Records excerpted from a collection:
++++
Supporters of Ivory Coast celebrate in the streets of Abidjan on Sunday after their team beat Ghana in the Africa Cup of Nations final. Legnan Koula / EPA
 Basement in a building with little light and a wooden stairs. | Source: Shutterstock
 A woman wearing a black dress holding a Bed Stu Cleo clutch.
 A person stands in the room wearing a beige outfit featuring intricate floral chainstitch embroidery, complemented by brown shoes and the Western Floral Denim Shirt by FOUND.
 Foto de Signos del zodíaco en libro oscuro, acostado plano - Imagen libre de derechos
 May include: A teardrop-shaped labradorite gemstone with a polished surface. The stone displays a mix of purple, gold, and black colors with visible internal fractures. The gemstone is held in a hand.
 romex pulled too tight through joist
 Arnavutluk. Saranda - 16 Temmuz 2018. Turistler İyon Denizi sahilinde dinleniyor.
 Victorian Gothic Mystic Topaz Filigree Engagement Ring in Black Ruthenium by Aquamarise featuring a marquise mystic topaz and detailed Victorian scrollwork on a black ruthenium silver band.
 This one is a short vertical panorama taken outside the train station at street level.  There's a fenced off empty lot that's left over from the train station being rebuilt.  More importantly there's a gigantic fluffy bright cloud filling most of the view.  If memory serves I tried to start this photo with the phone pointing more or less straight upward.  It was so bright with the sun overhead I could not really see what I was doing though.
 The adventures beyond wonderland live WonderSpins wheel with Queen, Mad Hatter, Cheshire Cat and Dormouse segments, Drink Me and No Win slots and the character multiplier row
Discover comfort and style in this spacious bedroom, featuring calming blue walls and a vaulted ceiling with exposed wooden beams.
++++
Exercise objective =>
Give the exact lines, and only those, from the line containing "Basement in a" through the line containing "A woman wearing" in the entries above.

Task response =>
 Basement in a building with little light and a wooden stairs. | Source: Shutterstock
 A woman wearing a black dress holding a Bed Stu Cleo clutch.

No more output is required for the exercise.